I was laying in Savasana the other day, ready to settle into my breathing, and letting my body relax into the mat when the yoga teacher started discussing this very topic. As I laid there, in total relaxation, I soaked in his every word like a sponge would absorb water.

We have to stop holding ourselves responsible for other people’s feelings and actions. Of course, as an empath, we care about other people and their feelings but there is a difference between being empathetic and beating ourselves up for doing what is best for ourselves. Other people may try and project onto us- they may try and tell us how we should be doing something thinking that their way is the right way. This does not mean we are doing something wrong. In this instance, smile and say thank you then go about doing what you were doing. By doing so, we are choosing to act in accordance with our beliefs rather than being told how we should be doing something. This does not mean we care for that person any less, it means we are holding ourselves to our truest form.

I am sure we have all been there- our partner comes into the kitchen and says that we are not making the coffee correctly or that we did not make the bed properly, or whatever the case may be. I am sure my examples are not the best but, hopefully you catch my drift. We are not doing something wrong simply because we are doing something in a different way than that person would do that exact same thing.

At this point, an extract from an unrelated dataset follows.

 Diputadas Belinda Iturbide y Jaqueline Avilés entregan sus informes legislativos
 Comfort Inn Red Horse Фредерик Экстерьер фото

Sure, we may succumb to projections placed on us because we do not want conflicts but this is not doing us any benefits either. Just because we do, say, or feel something different than the next person, does not mean our ways or beliefs are wrong.

OR

If someone asks you to do something — say a friend calls and wants to meet for dinner yet you had other plans or you are just too tired to go out, it is perfectly OK to say “no.” All too often, we commit to doing things we do not want to do simply because we do not want to hurt the other person’s feelings. Be true to yourself. Be kind and courteous but also know that is alright to decline the invitation.

The counter is true for ourselves as well. How often do we project our beliefs onto others- telling them how or what they should be doing. This happens to the best of us and, from personal experience, more times than I would like to admit. When this happens and you find yourself projecting, recognize it is happening and remove yourself from the conversation or change the subject.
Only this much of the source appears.